Processing Unstructured Data With Deep Learning

Analyzing data means using the information to make sense of the world. It could be something as complex as predicting the weather or as simple as finding the average weight of a certain population. Academia and businesses alike rely on data to make accurate predictions and understand the nature of their respective areas of expertise.

Data comes in many shapes and sizes, it can be qualitative or quantitative, it can follow a pattern or have no clear order, it can be digitized or manually created. Every type of data poses a new problem for data scientists and analysts, who have to figure out the best way to gather and clean it before it gets analyzed.

Structured Vs. Unstructured data

Imagine that we have two scientists we’ll call Ellen and Charlie. They are both brilliant researchers in their respective fields but, while Ellen is organized, keeps track of her experiments, and organizes her data in spreadsheets, Charlie sometimes forgets to write the results right away so he writes it on the first thing he finds.

Now, imagine if we were to ask for the database of each scientist.
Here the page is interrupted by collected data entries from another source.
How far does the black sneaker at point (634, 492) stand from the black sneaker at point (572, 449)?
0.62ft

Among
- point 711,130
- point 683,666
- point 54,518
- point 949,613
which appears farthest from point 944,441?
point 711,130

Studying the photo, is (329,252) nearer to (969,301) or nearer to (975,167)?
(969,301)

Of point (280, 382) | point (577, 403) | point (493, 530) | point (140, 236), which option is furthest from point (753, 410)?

Ellen would send a spreadsheet file over the internet, while Charlie would literally show up one day with a folder filled with pieces of paper with different values and dates written all over the place.

Ellen’s database is an example of structured data. It’s data that has a model, or that follows a clear pattern that one could discern. Charlie’s is an example of unstructured data. Assuming that he didn’t make any mistakes, his data is as equally valuable as Ellen’s, but it’s more difficult to organize and process.

That example might cast a bad light on Charlie, but the truth is that his behavior is the norm. That’s according to Computer World Magazine that says that between 70% and 80% of all available data is unstructured. For the most part, that might prove to be an annoyance, but not an insurmountable one.

Data can be tidied up, and unstructured data can be organized and turned into structured data given enough time and resources. But what if you don’t have either? Or what if the nature of the data is such that it can’t be easily turned into structured data?.

Data analysis with the help of AI

The growth of AI technology in the last couple of decades has opened the floodgate of new and better strategies for dealing with data. Thanks to machine learning and intelligent assistants we can gather, clean, and process unimaginable amounts of data in record time.

For those who don’t know what machine learning is, it can be defined as a set of algorithms that parse data, learn from said data, and be able to make informed decisions and predictions.

For example, streaming services use machine learning to find correlations in consumption habits so they can build a recommendation pool for people with similar tastes. Another example is how web stores will try to guess what you are likely to buy based on your purchasing and browsing history.

Learning in this context means that the algorithm gets better the more data it processes. Think of it as a tool that gets more sharp and efficient the more you use it.

Machine learning can go from overly simple models, such as the ones based on linear regressions, to complex ones, like deep models designed to deal with difficult problems that arise from unstructured data.

Enter deep learning

Deep learning is a sub-field of machine learning that tries to create models that emulate human-decision making capabilities. There are dozens of architectures that have been used for anything from social media filtering to visual and voice recognition.

Let’s go back to our scientist Charlie to better understand this. Imagine that just before he handed over his database he spilled some soda over the folder. Now some of the results are blurry and it’s very difficult to tell the numbers apart. You, as a human, are capable of making an educated guess of what a number is supposed to be, but a simple algorithm will probably have a lot of problems figuring out the values.

That’s where deep learning comes in. Instead of having one algorithm, we have several algorithms in multiple layers that create a decision-making tree that is perfectly capable of reaching an answer, checking if the answer was correct, and then automatically adjusting itself so it can make better guesses.

The best way we can illustrate how deep learning works is to talk about Go, the Japanese strategy game. Google has spent a copious amount of resources trying to create an AI capable of playing Go and so far it’s proven a lot more difficult than building AIs that play Chess (even if AlphaGo is a major success).

Why? Because Go is a game with millions of ramifications, so the amount of processing power it would take to compute every possibility is simply outrageous. Instead, any AI that tries to learn how to play Go needs to be able to make educated guesses based on the current state of the board. Much like a human who can’t see all possibilities at once, the machine relies on heuristics to make decisions.

Working with unstructured data

So, the biggest hurdle in working with unstructured data is that it may have an opaque pattern or no pattern at all. Natural language is a perfect example. One could write the same idea in hundreds of different ways, and humans would have no problem in figuring out the semantics of the phrase. Machines, on the other hand, require complex architectures and models.

One very common example of deep learning is Tesseract, an OCR tool that uses deep-learning to recognize words in images, which, as simple as it may sound, can actually be a really complex task.

For example, some images might be in low definition, or maybe the text is out of focus, or maybe it’s part of a video and it’s just a couple of frames. In other words, every image is a world unto its own, and instead of creating an algorithm for each corner case, we use deep learning to work with all the images at once, saving time and effort.

We live in an unstructured world and human beings rarely think in terms of structured data, as such, deep learning has become one of the most important AI tools in the tech industry. To be fair, it’s still in its infancy, but it’s just a matter of time before Siri and similar applications become something more than glorified search engines.